12-30-2010, 07:46 AM
This answers my question. Jazakallah Khair.

12-31-2010, 05:15 PM
Assalaamu ‘alaikum Sr. Halema,

In addition to the last reply, these points will also help in sha Allaah:

A) In Madinah Book 3, key to lesson 14, our Shaykh Dr. Abdur Rahim – حَفِظَهُ اللهُ discusses a sentence in the Qur’aan (2: 186) that starts with the Harf إِنَّ and he termed the sentence - quote : “ a nominal sentence”.

So a sentence that starts with a Harf like inna, is a jumlah ismiyyah.

B) This also applies to other Huruuf (plural of: Harf) like the Sisters of Inna . A sentence that starts with any of these is termed: a jumlah ismiyyah.

C) The Scholars of Arabic have divided Arabic sentences into only two types:

1) ismiyyah and
2) fi’liyyah.

If a sentence starting with a Harf was seen as a third type of sentence, they would have said type three is: jumlah Harfiyyah – but there is no such classification.

In conclusion, a Harf has no iraabic status (no syntactical /grammatical status) and a sentence is analysed as nominal or verbal in accordance with the verb or noun coming after the Harf.

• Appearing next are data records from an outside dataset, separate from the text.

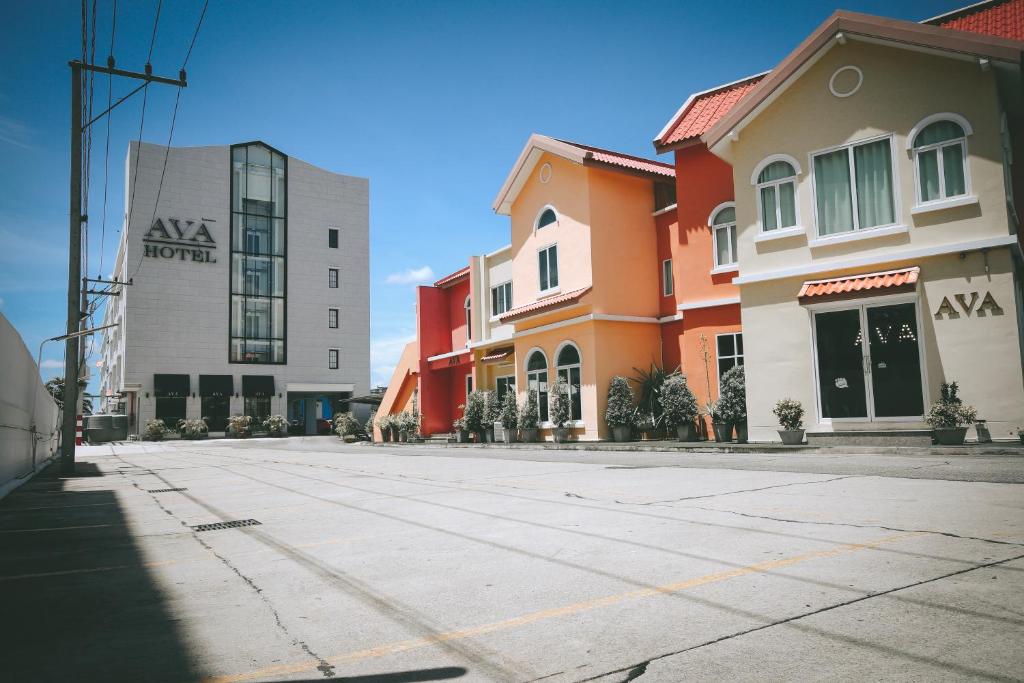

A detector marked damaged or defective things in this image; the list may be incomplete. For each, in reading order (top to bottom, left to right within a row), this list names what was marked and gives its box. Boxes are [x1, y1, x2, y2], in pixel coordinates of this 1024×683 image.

crack in concrete [671, 505, 1024, 548]
crack in concrete [577, 552, 1024, 679]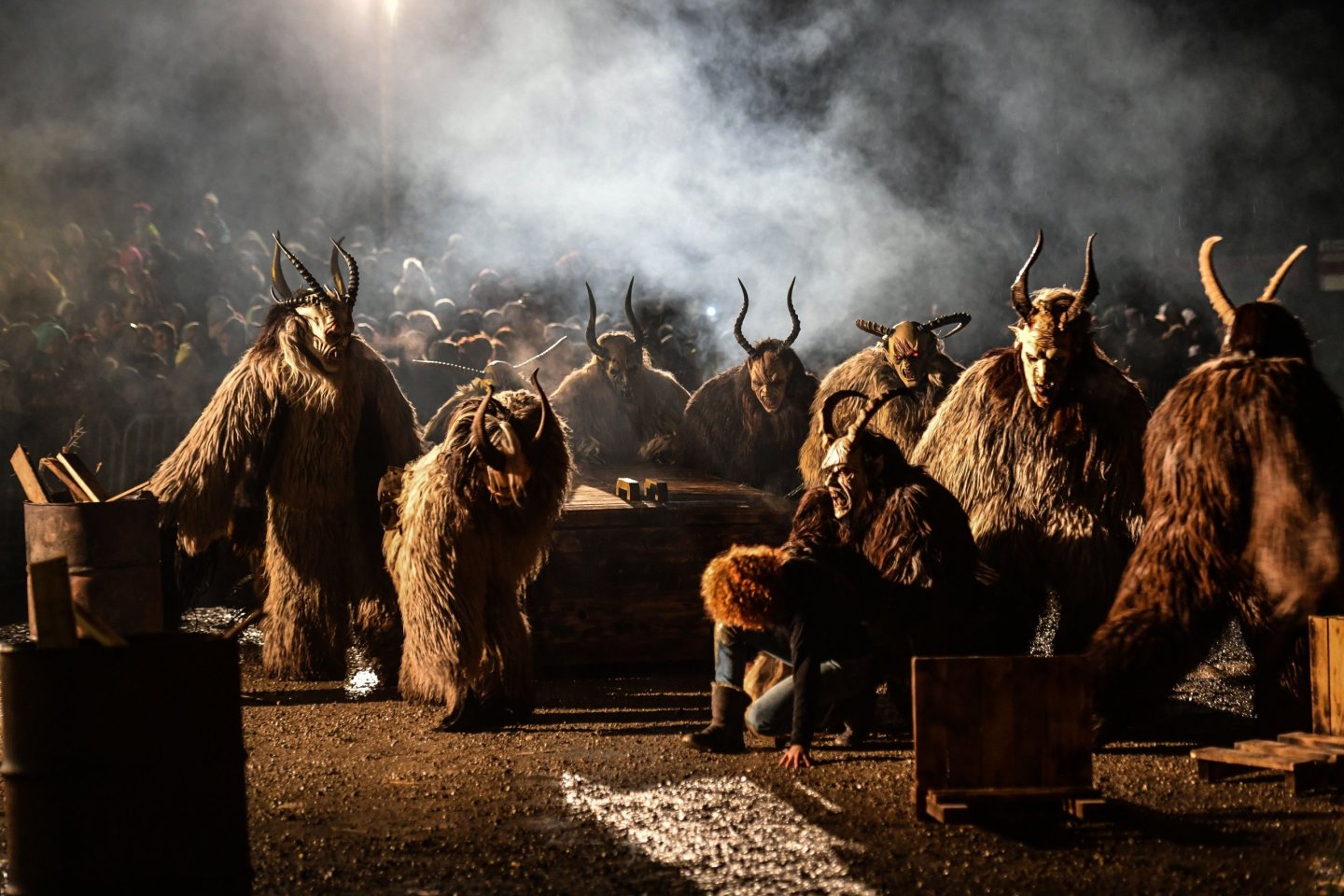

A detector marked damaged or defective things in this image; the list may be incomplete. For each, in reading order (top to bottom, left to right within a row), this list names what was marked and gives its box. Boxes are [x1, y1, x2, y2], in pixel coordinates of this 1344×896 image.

rusty barrel [23, 497, 162, 637]
rusty barrel [0, 634, 252, 891]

This applies to any Harf – whether it is:

a) a Harf ‘aTf (a conjunction that connects two sentences like al-waaw, thumma), or

b) a Harf which starts a sentence like inna and her sisters, or

c) Harfu l-istifhaam - used to ask a question e.g.: "?a", "hal", (this is different to ismu l-istifhaam which is not ignored in the analysis as it is an ism), or

d) a Harf like the negative maa: ما النَّافِيَةُ

e.g. مَا ذَهَبْتُ إلى السوقِ = جُمْلَةٌ فِعْلِيَّةٌ

'I did not go to the market'


A Point For Students To Note:

Our respected Shaykh Abdur Rahim pointed out to me that students who want to analyse a sentence from the Madinah Books, should not translate it into English. They should write it in Arabic - just as it appears in the Book. Then we can analyse it. But if it is written in English, we will not comment on analysis via English constructions.